A closed-form approximation of the stationary distribution of Age of Information for the semi-persistent scheduling protocol is derived.

A machine-rendered reading of the paper's core claim, the machinery that carries it, and where it could break.

The paper seeks a complete statistical description of the Age of Information under the semi-persistent scheduling protocol rather than only its long-run average. It produces an approximate closed-form expression for the probability mass function of the steady-state AoI. This expression supports direct calculation of the probability that AoI exceeds any chosen safety threshold. The analysis identifies reservation duration as the central design parameter whose value produces opposite effects on average AoI and on violation probability.
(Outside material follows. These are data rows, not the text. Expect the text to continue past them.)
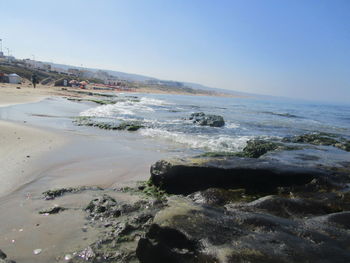 Scenic view of beach against clear sky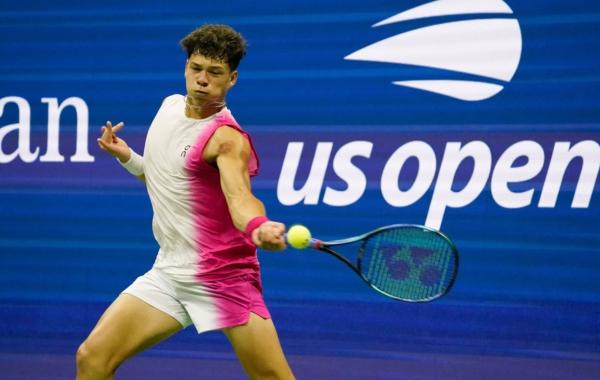 USA's Ben Shelton returns the ball to Serbia's Novak Djokovic during the US Open tennis tournament men's singles semi-finals match at the USTA National Tennis Center in New York City, on Sept. 8, 2023. (Timothy A. Clary/AFP via Getty Images)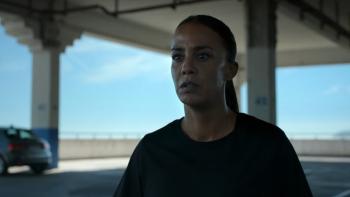K.O. movie: Algerian French woman in black shirt stands alone in an almost empty parking ramp structure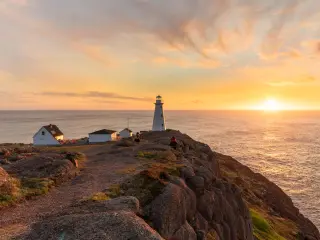 Beautiful sunrise over a white lighthouse sitting at the edge of a rocky cliff.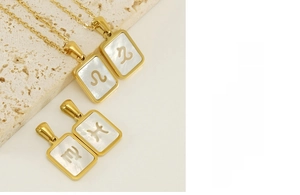 Détail de colliers zodiacaux en acier doré 18K avec incrustations en nacre blanche pure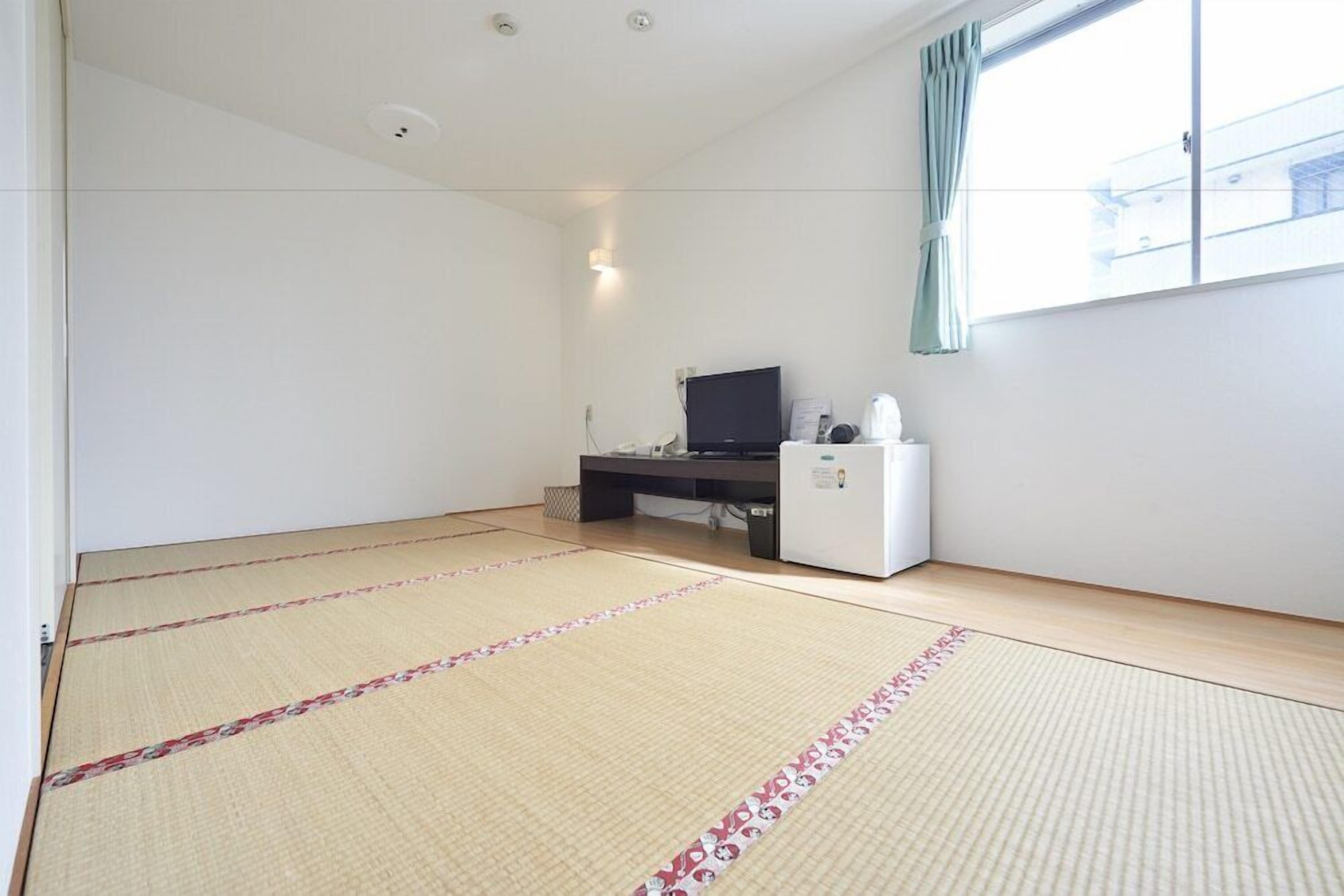 A room with tatami mats, a desk with a computer, a television, and a refrigerator.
Readers concerned with reliable information freshness in vehicle networks can use the result to set protocol parameters according to explicit performance targets.

Core claim

We derive a closed-form approximation of the stationary distribution of the Age of Information (AoI) of the semi-persistent scheduling (SPS) protocol which is a core part of NR-V2X. While prior works have studied the average AoI under similar assumptions, this work provides an approximation of its probability mass function. As a result the age-violation probability can be evaluated, the reservation duration is shown to be a key tunable parameter, and complementary behavior between the violation probability and the average AoI is observed.

What carries the argument

Closed-form approximation of the probability mass function of the stationary Age of Information under the SPS traffic, channel and interference model.

If this is right

  • Age-violation probability can be computed for any chosen threshold in addition to the mean AoI.
  • The length of the resource reservation can be adjusted to meet either low-average or low-violation requirements.
  • The protocol can be configured according to the safety needs of the specific vehicular application.
  • Complementary trade-offs between average AoI and age-violation probability are made explicit through the PMF.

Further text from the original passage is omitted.